Earlier this year, I had one of our project file servers (450 TB) go down. It didn't go down because the array spuriously just lost a bunch of disks; it was simply your usual sort of Linux kernel panic... you go to the console and it's just black screen and unresponsive, or maybe you can see the tail end of a backtrace and it's unresponsive. So, OK, issue a quick remote IPMI reboot of the machine, it comes up...

I'm in single user mode, bringing up each sub-RAID6 in our RAID60 by hand, no problem. Bring up the top level RAID0. OK. Then I go to mount the XFS... no go. Apparently the log somehow got corrupted in the crash?

So I try to mount ro, no dice, but I _can_ mount ro,noreplaylog and I see good files here! Thank goodness. I start scavenging to a spare host...

A few weeks later, after the scavenge is done, I did a few xfs_repair runs just for the sake of experimentation. Using both in dry run mode, I tried the version that shipped with Ubuntu 12.04, as well as the latest xfs_repair I could pull from the source tree. I redirected the output of both runs to file and watched them with 'tail -f'.

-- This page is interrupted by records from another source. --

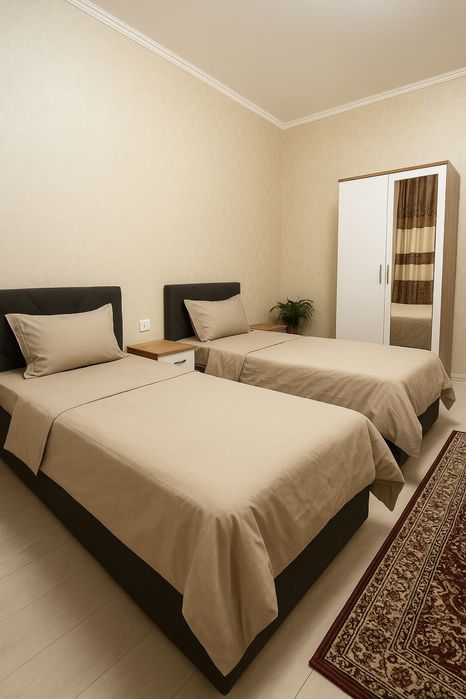 Аренда котеж под отель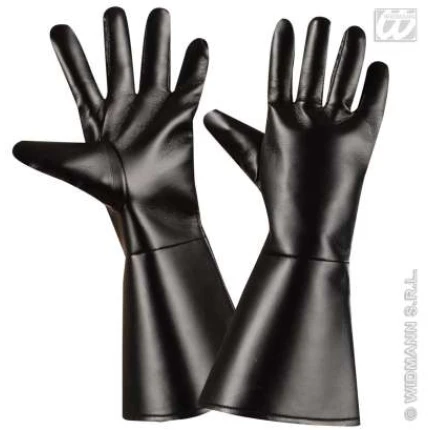 Character Gloves - Black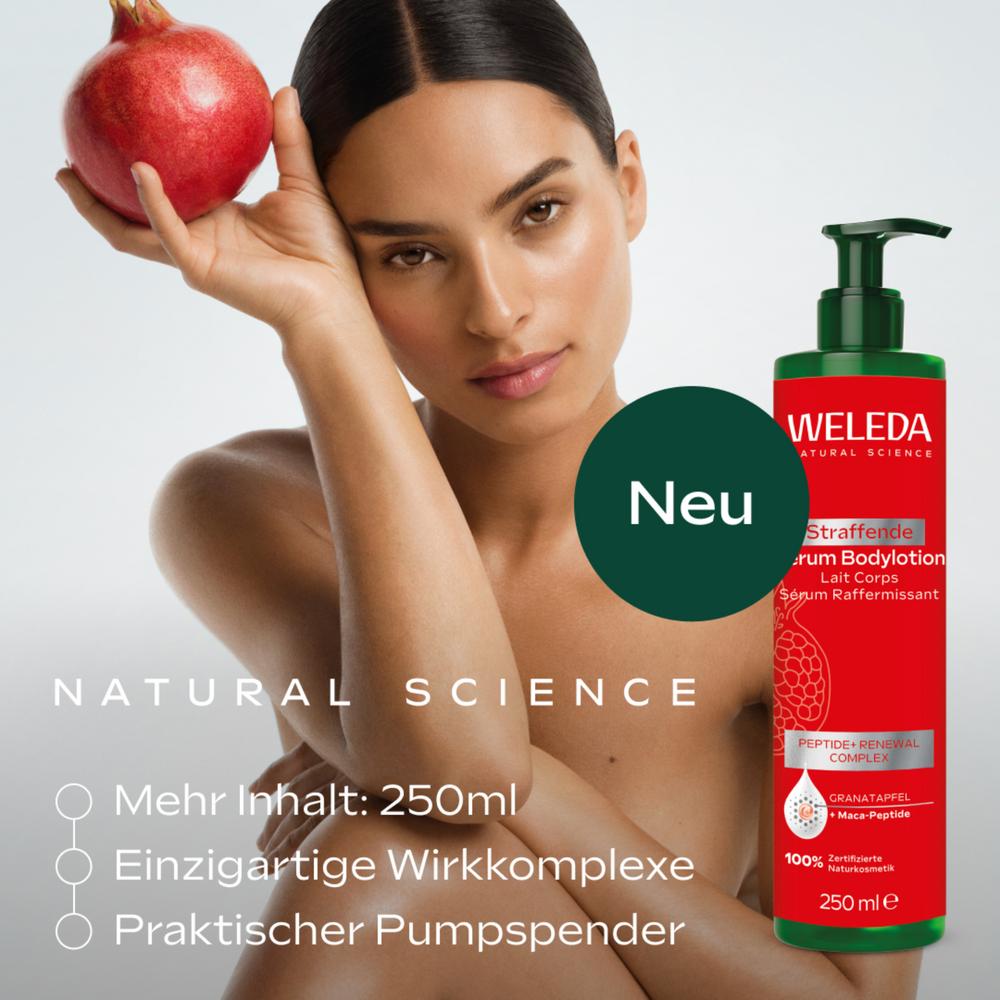 Straffende Serum Bodylotion 250 ml
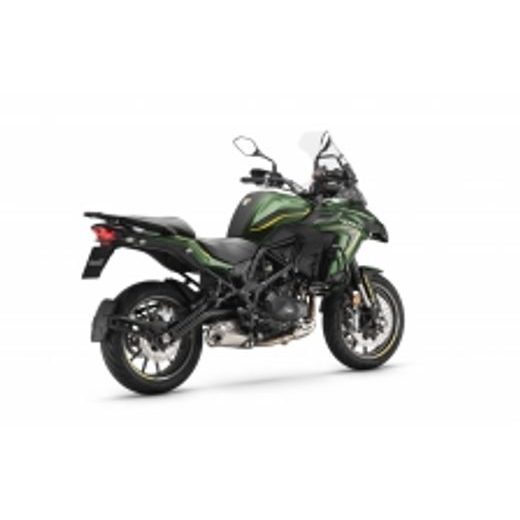 BENELLI TRK 502 TRAVELLER ABS EURO5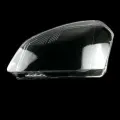 Левое стекло фары для Nissan qashqai 1 J10 2006-2010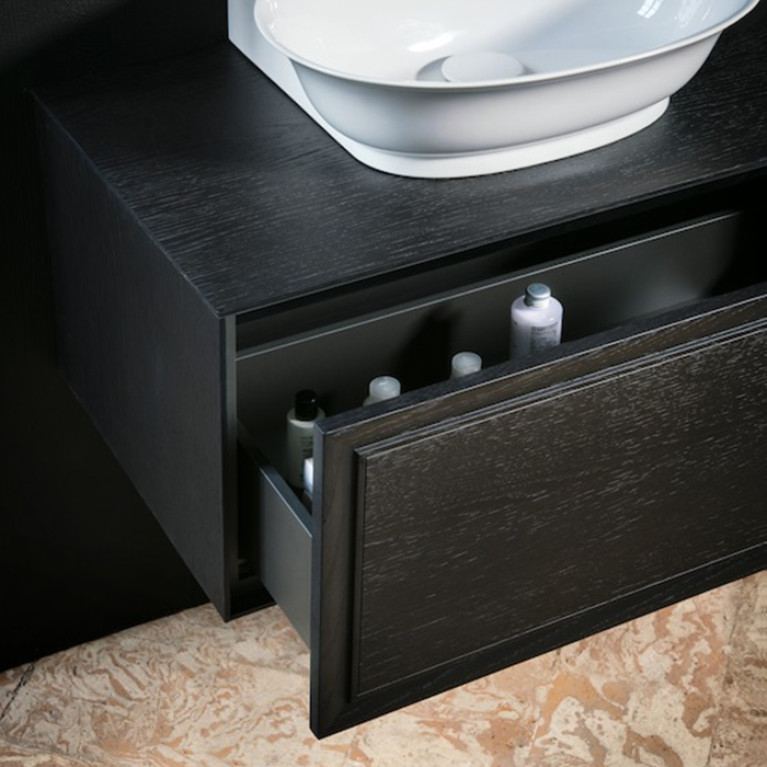 Laufen New Classic Раковина накладная овальная 1200х480х75 мм, с 3 отв под смеситель, без перелива, цвет белый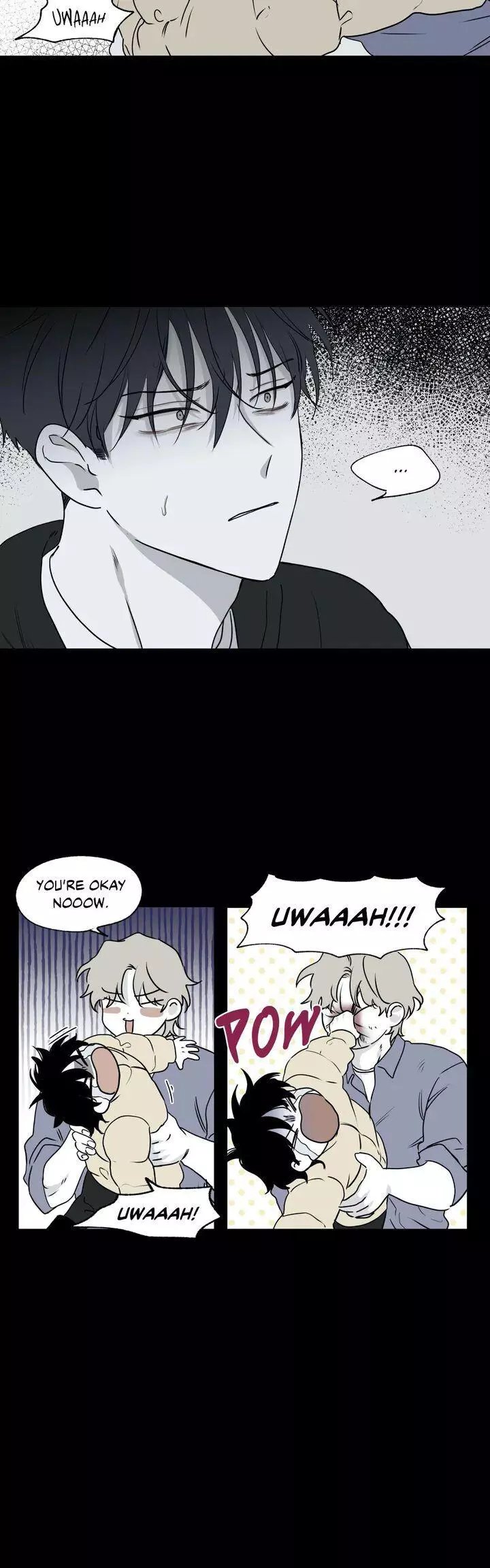 Low Tide in Twilight Chapter 1 page 25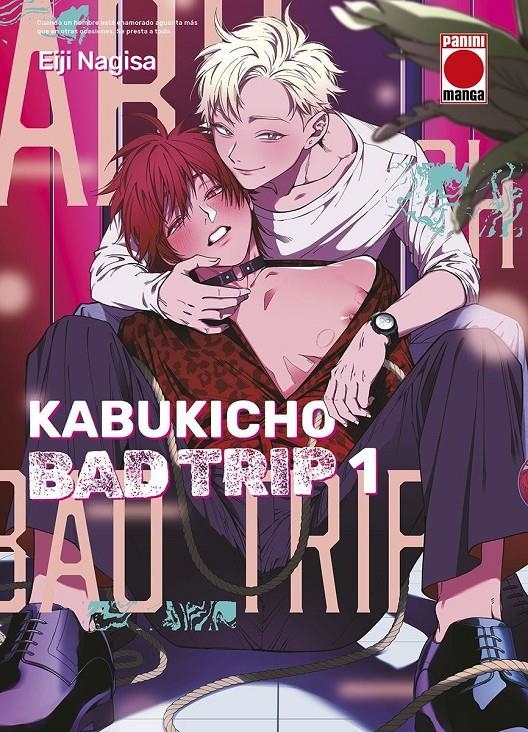 Kabukicho bad trip 1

Diffing the output when they were done, it didn't look like they were behaving much differently. Both files had thousands or tens of thousands of lines worth of output in them, bad this, bad that... (I always run in verbose mode) Since the filesystem was hosed anyway and I was going to rebuild it, I decided to let the new xfs_repair run "for real" just to see what would happen, for kicks. And who knows? Maybe I could recover even more than I already had ...? (I wasn't just totally wasting time)

I think it took maybe a week for it to run on a 450 TB volume? At least a week. Maybe I was being a teensy bit hyperbolic in my previous descriptions of runtime, LOL. After it was done?

... almost everything was obliterated. I had tens of millions of zero-length files, and tens of millions of bits of anonymous scrambled junk in lost+found.

So, I chuckled a bit (thankful for my hard-won previous experience) before reformatting the array and then copied back the results of my scavenging. Just by ro-mounting and copying what I could, I was able to save around 90% of the data by volume on the array (it was a little more than half full when it failed... ~290 TB? There was only ~30 TB that I couldn't salvage); good clean files that passed validation from their respective users. I think 80-90% recovery rates are very commonly achievable just mounting ro,noreplaylog and getting what you can with cp -R or rsync, given that there wasn't grievous failure of the underlying storage system.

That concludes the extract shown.